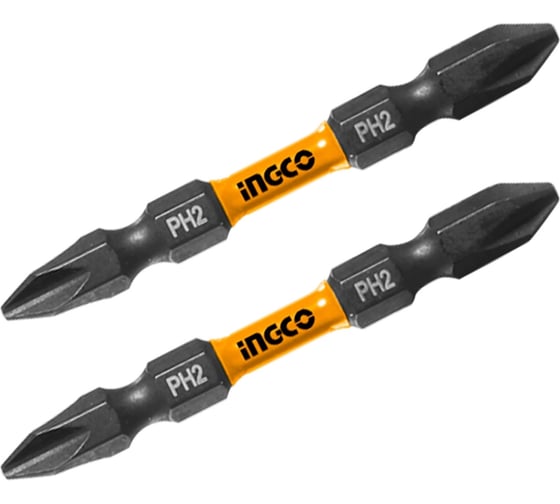 Изображение товара Ударная бита INGCO SUPER INDUSTRIAL PH2хPH2, 65мм, 2шт, S2 SDBIM72PH265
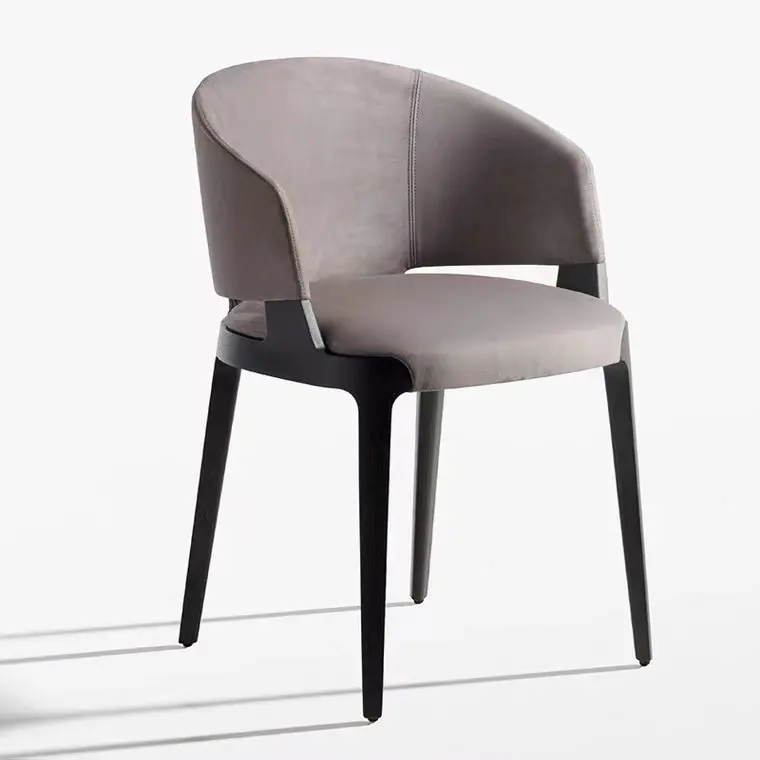 Chaise de salle à manger en bois massif, de style nordique moderne et minimaliste, en cuir massif, modèle décontracté, de styliste, pour salle à manger, haut de gamme, gris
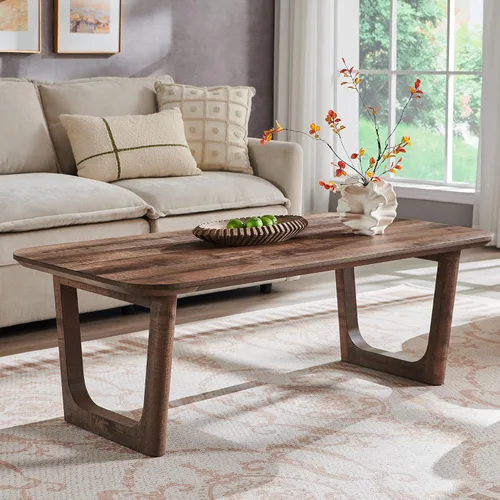 Vista 8 de ACCOHOHO Mesa auxiliar moderna de mediados de siglo para sala de estar, mesa auxiliar rectangular grande de madera de 51.2 pulgadas con patas
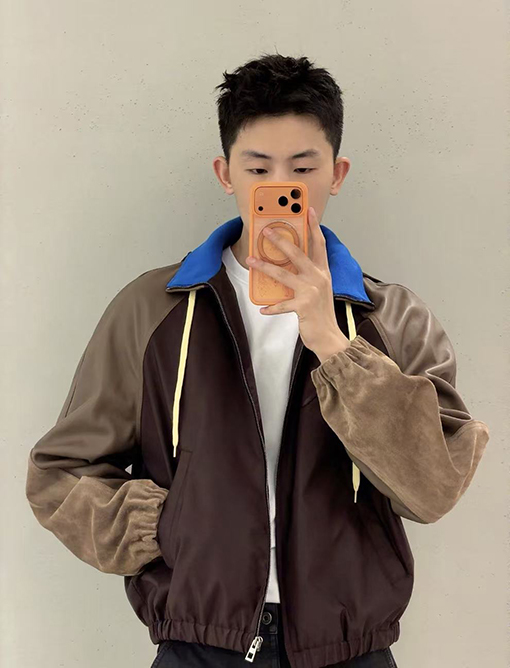 ロエベ パッチワークレザー刺繍コート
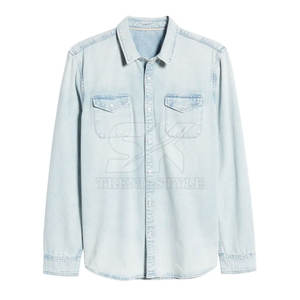 Diseña Tu Propio Logotipo, Camisa de Mezclilla de Manga Larga para Hombre, Diseño OEM, Camisas de Mezclilla Personalizadas para Hombre - Product Image 6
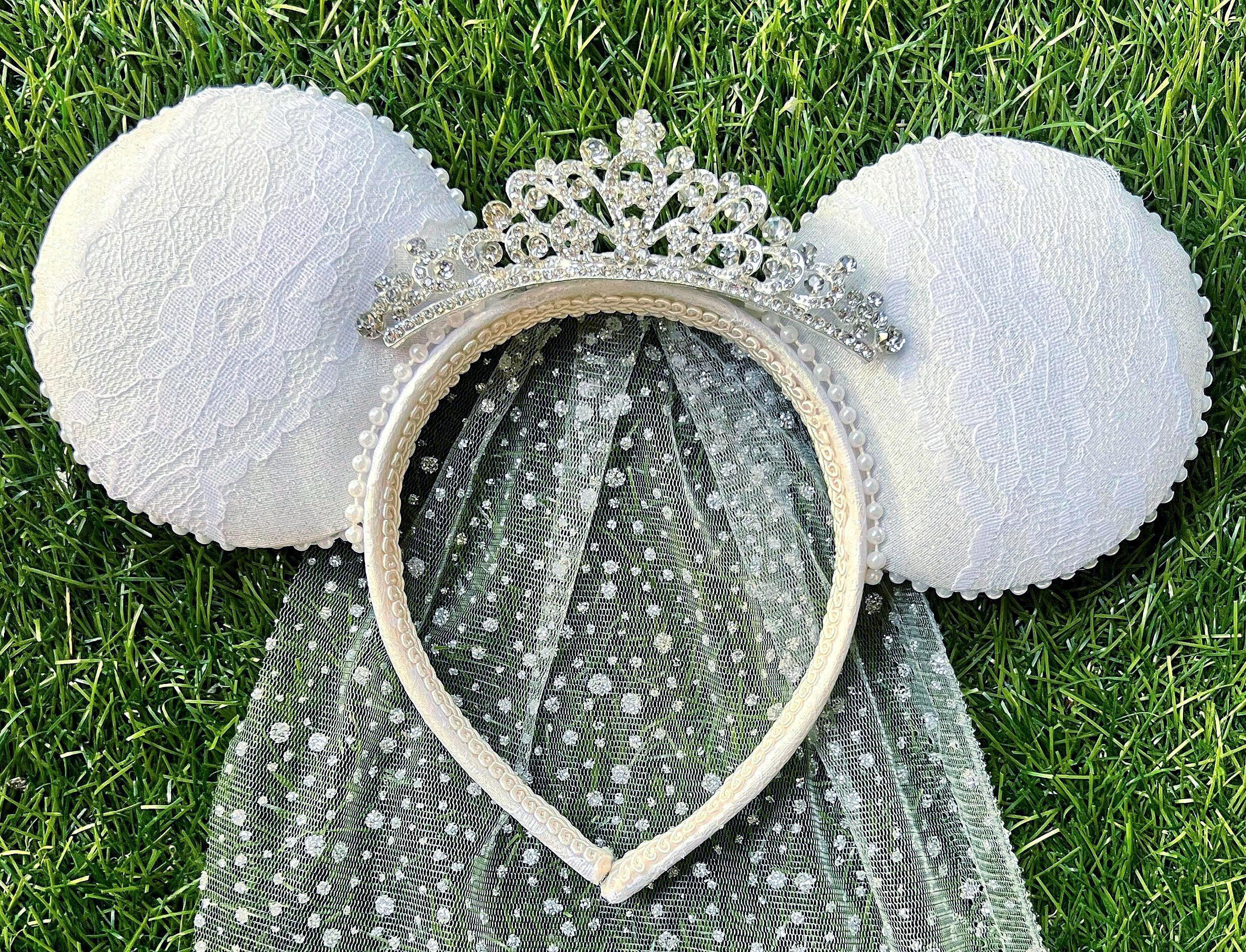 Vera Wang Disney Ears Tiara Crystal Headband Minnie Fairytale Wedding Veil How Much Are These Vera Wang Wedding Minnie Ears at Magic  main image 4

┄┄┄┄┄┄

Exercise instructions -
Please reproduce the records above exactly, omitting every picture.

Response -
 Изображение товара Ударная бита INGCO SUPER INDUSTRIAL PH2хPH2, 65мм, 2шт, S2 SDBIM72PH265
 Chaise de salle à manger en bois massif, de style nordique moderne et minimaliste, en cuir massif, modèle décontracté, de styliste, pour salle à manger, haut de gamme, gris
 Vista 8 de ACCOHOHO Mesa auxiliar moderna de mediados de siglo para sala de estar, mesa auxiliar rectangular grande de madera de 51.2 pulgadas con patas
 ロエベ パッチワークレザー刺繍コート
 Diseña Tu Propio Logotipo, Camisa de Mezclilla de Manga Larga para Hombre, Diseño OEM, Camisas de Mezclilla Personalizadas para Hombre - Product Image 6
 Vera Wang Disney Ears Tiara Crystal Headband Minnie Fairytale Wedding Veil How Much Are These Vera Wang Wedding Minnie Ears at Magic  main image 4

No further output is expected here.